### Task prompt
Transcribe the listing below word for word but skip its images.

### Data block

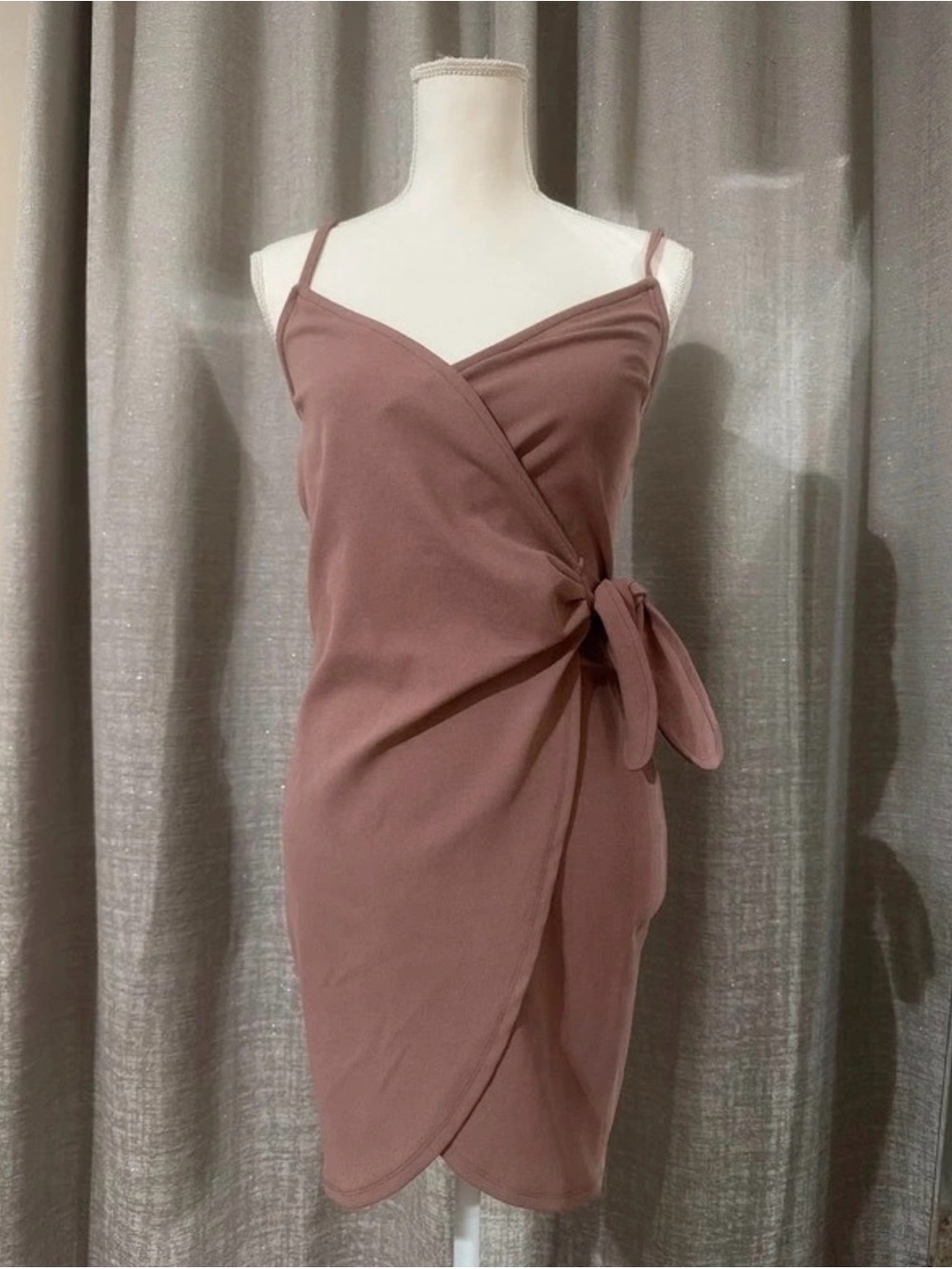 Mind Code Mauve-Taupe Wrap Mini Dress with Side Tie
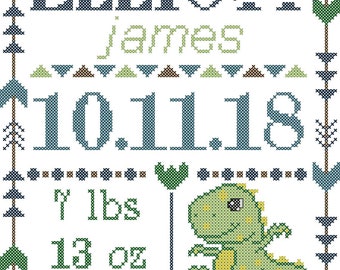 Baby Dinosaur Birth Record Cross Stitch Pattern (PDF Pattern)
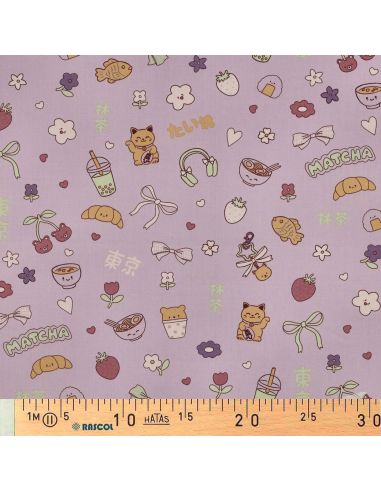 Tissu popeline de coton Kawaii - Mauve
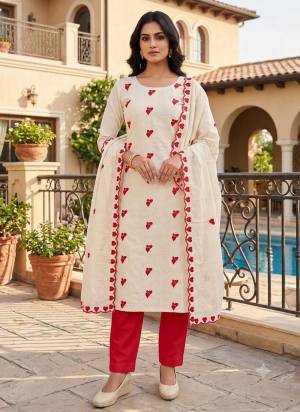 Garb This Suits In Lovely Color.Its Pretty Top Is Cora Cambric Cotton Based Paired Bottom Cotton And Cora Cambric Cotton Fabricated Dupatta Are Designer Embroidery Work. Which Gives An Attractive To The Dress.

### Expected answer
 Mind Code Mauve-Taupe Wrap Mini Dress with Side Tie
 Baby Dinosaur Birth Record Cross Stitch Pattern (PDF Pattern)
 Tissu popeline de coton Kawaii - Mauve
 Garb This Suits In Lovely Color.Its Pretty Top Is Cora Cambric Cotton Based Paired Bottom Cotton And Cora Cambric Cotton Fabricated Dupatta Are Designer Embroidery Work. Which Gives An Attractive To The Dress.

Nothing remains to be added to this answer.